= Johnny Cowell =

Johnny Cowell (11 January 1926 in Tillsonburg, Ontario – 22 January 2018) was a Canadian trumpeter, composer and arranger.

==Early life==
Cowell's father and three uncles were members of the Tillsonburg Town Band, and Cowell played his first trumpet solo with this band at age six.

Cowell joined the Toronto Symphony Band in 1941 at the age of 15 as trumpet soloist.

Cowell was largely self-taught but after joining the Toronto Symphony Band he studied briefly with Edward Smeale in Toronto.

He served during World War II as soloist with the Royal Canadian Navy band in Victoria, BC, and played first trumpet from 1943 to 1945 with the Victoria Symphony Orchestra. He later studied composition at the Royal Conservatory of Music (RCMT) with Oskar Morawetz and John Weinzweig.

From 1952 to 1991 he played with the Toronto Symphony Orchestra.

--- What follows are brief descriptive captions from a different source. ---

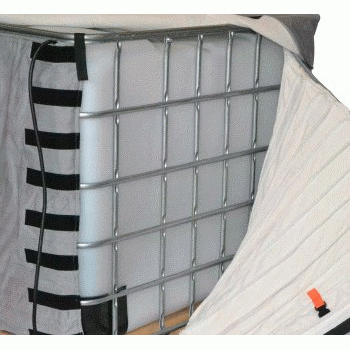 Aukštos apsaugos klasės šildantis anglies pluošto apklotas Rimatek TQ-EX (kubinei talpai) [ATEX] 1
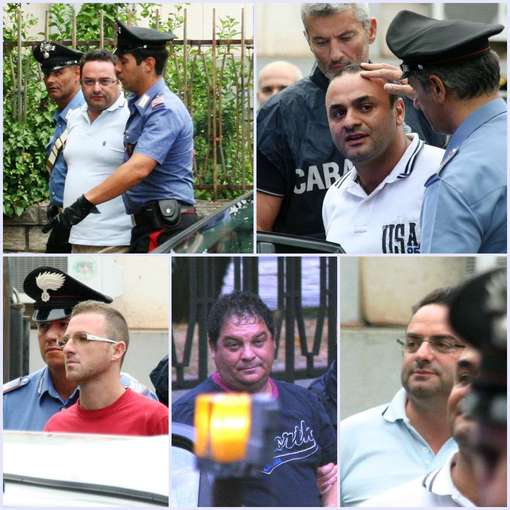 L'operazione dei carabinieri - foto Riviera24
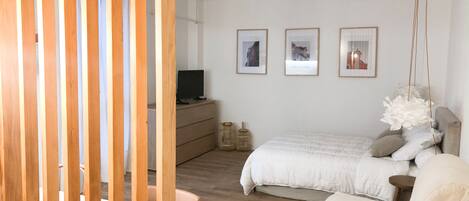 1 quarto, Wi-Fi, roupa de cama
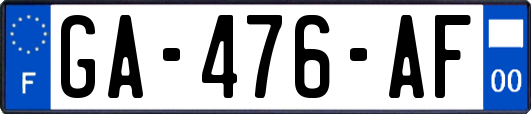 GA-476-AF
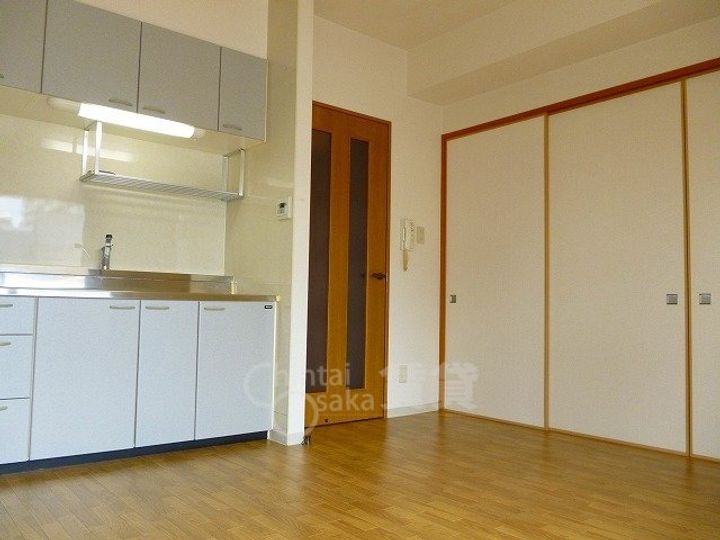 アーバンヴィラの居間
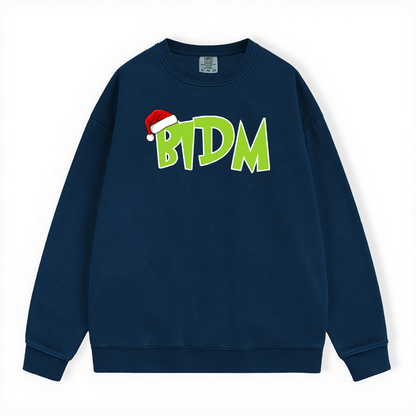 BIDM GRINCH COMFORT COLORS CREWNECK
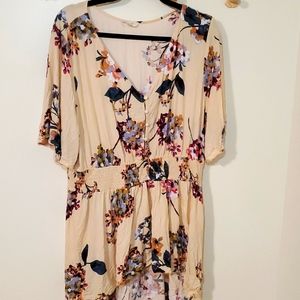 Women's floral blouse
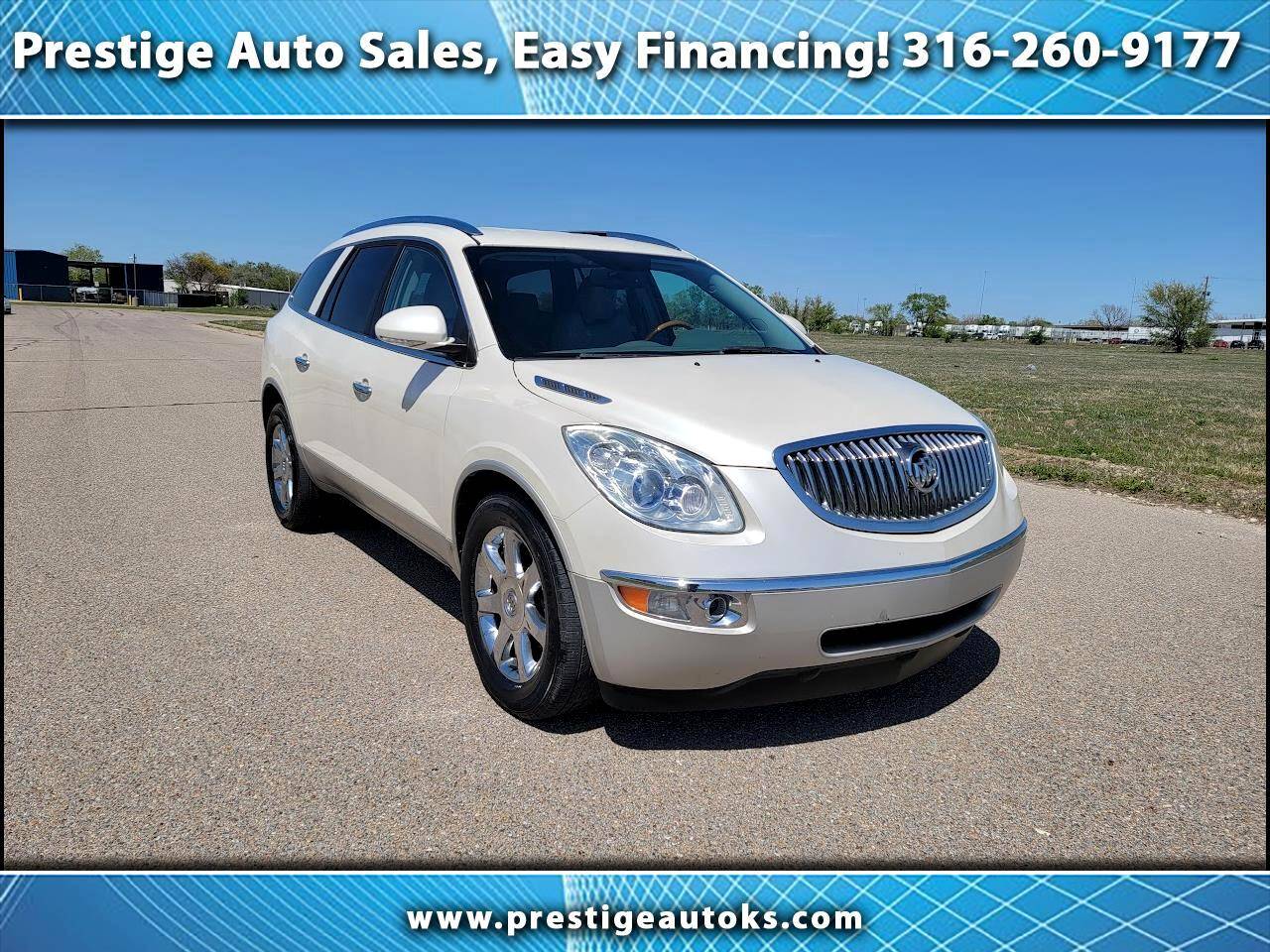 2010 Buick Enclave CXL — SUV — 153,927 mi — Wichita, KS
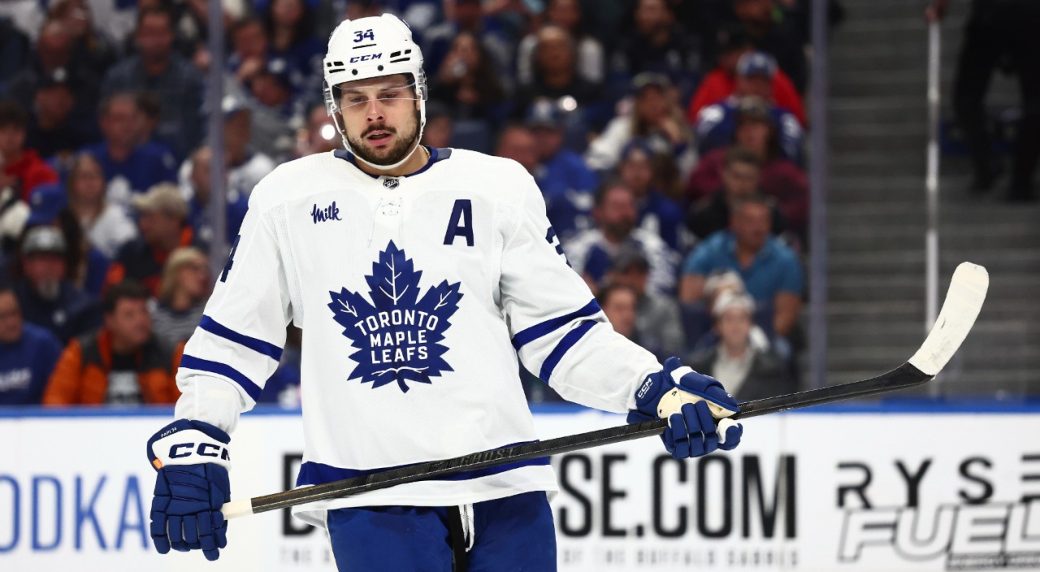 Auston Matthew sera nommé nouveau capitaine des Maple Leafs cette semaine
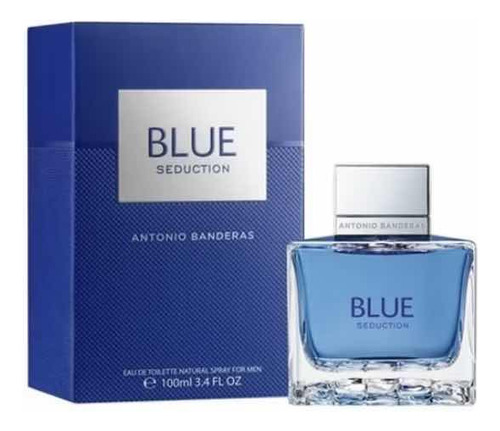 Perfume Antonio Banderas Blue Seduction Edt 100ml Caballero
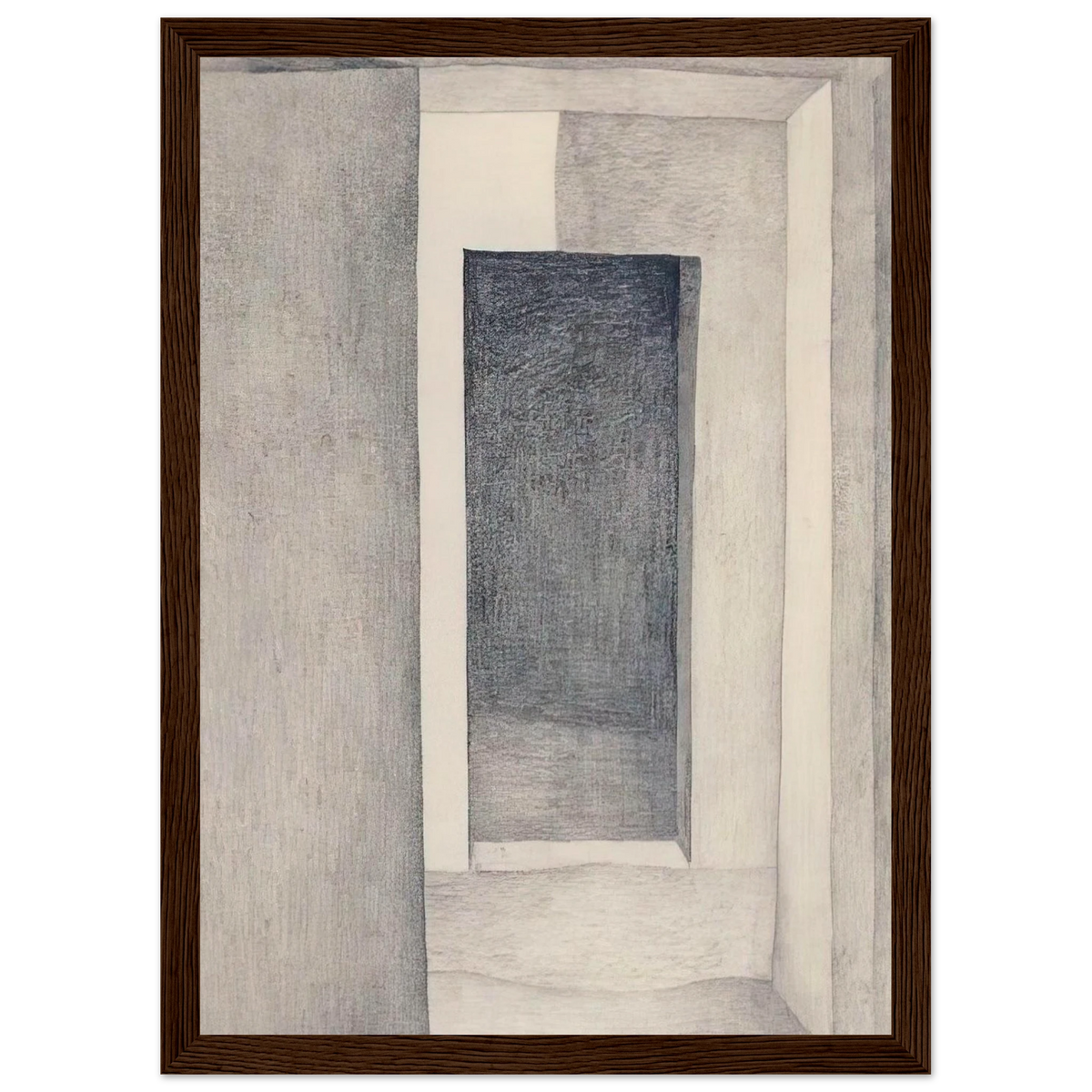 Patio Door Framed Poster | Georgia O'Keeffe Framed Prints Wall Art | Georgia O Keeffe Prints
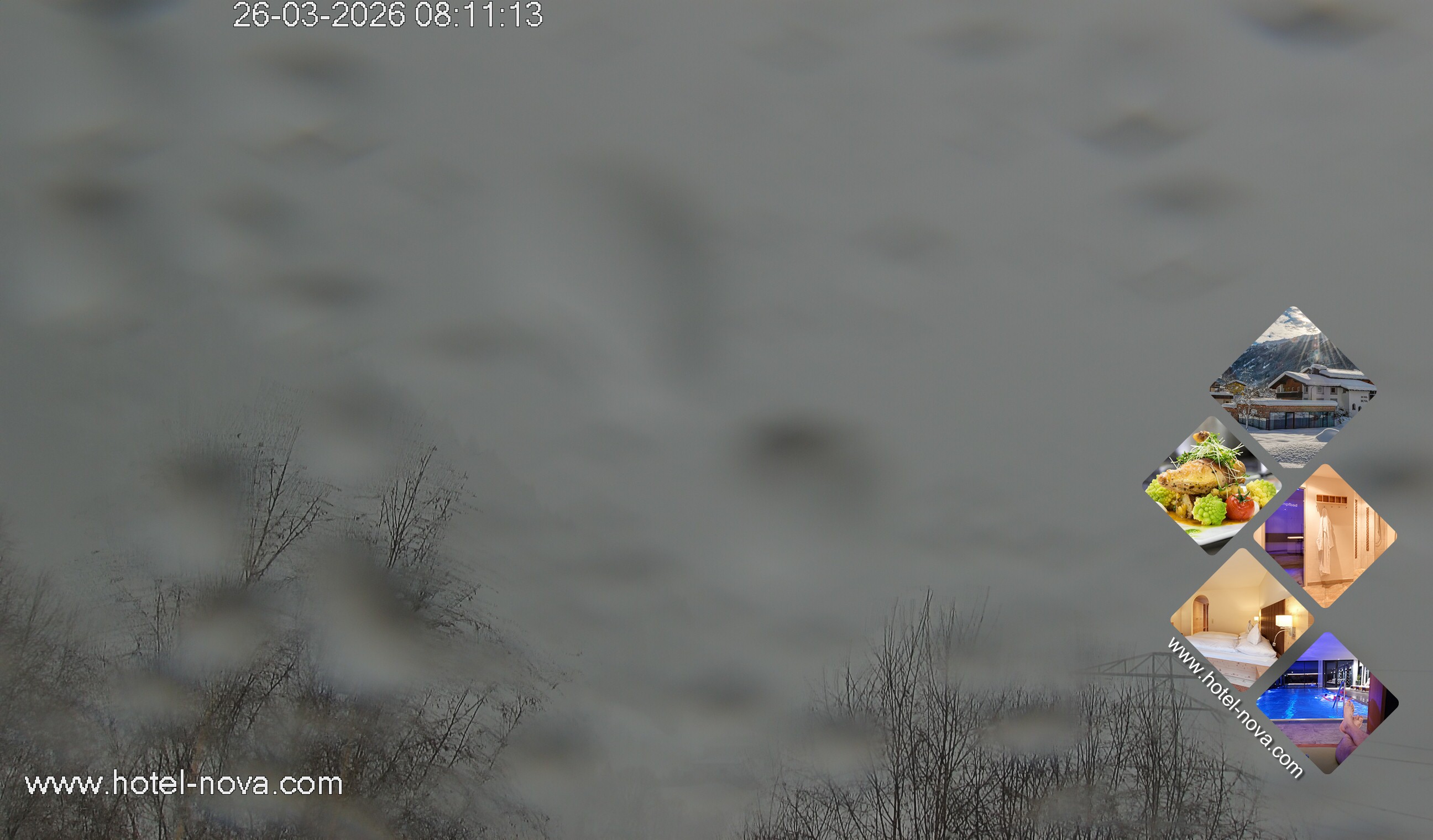 Archiv Foto Webcam Valülla, Silvretta Montafon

Cowell composed more than 200 songs, almost 150 have been recorded and several of them have become well known. Among them 'Walk Hand in Hand', 'His Girl,' and '(These Are) the Young Years' with Floyd Cramer. His song 'Walk Hand in Hand' (1956) has been recorded over 90 times making Cowell one of Canada's most successful songwriters He composed the trumpet instrumental Our Winter Love that Bill Pursell later arranged for piano in a No. 9 hit on the Billboard Hot 100, in addition to hitting No. 4 on the Easy Listening chart, and No. 20 on the Hot R&B Singles chart in the Spring of 1963.

== Private life ==
Cowell married his wife Joan on 26 September 1953. They met six years earlier when he began playing trumpet for the dance band in which Joan was the vocalist. Cowell and his wife have a daughter, Marcie and three grandchildren. He died on 22 January 2018.

==Discography==
Cowell has released more than 10 LPs and CDs.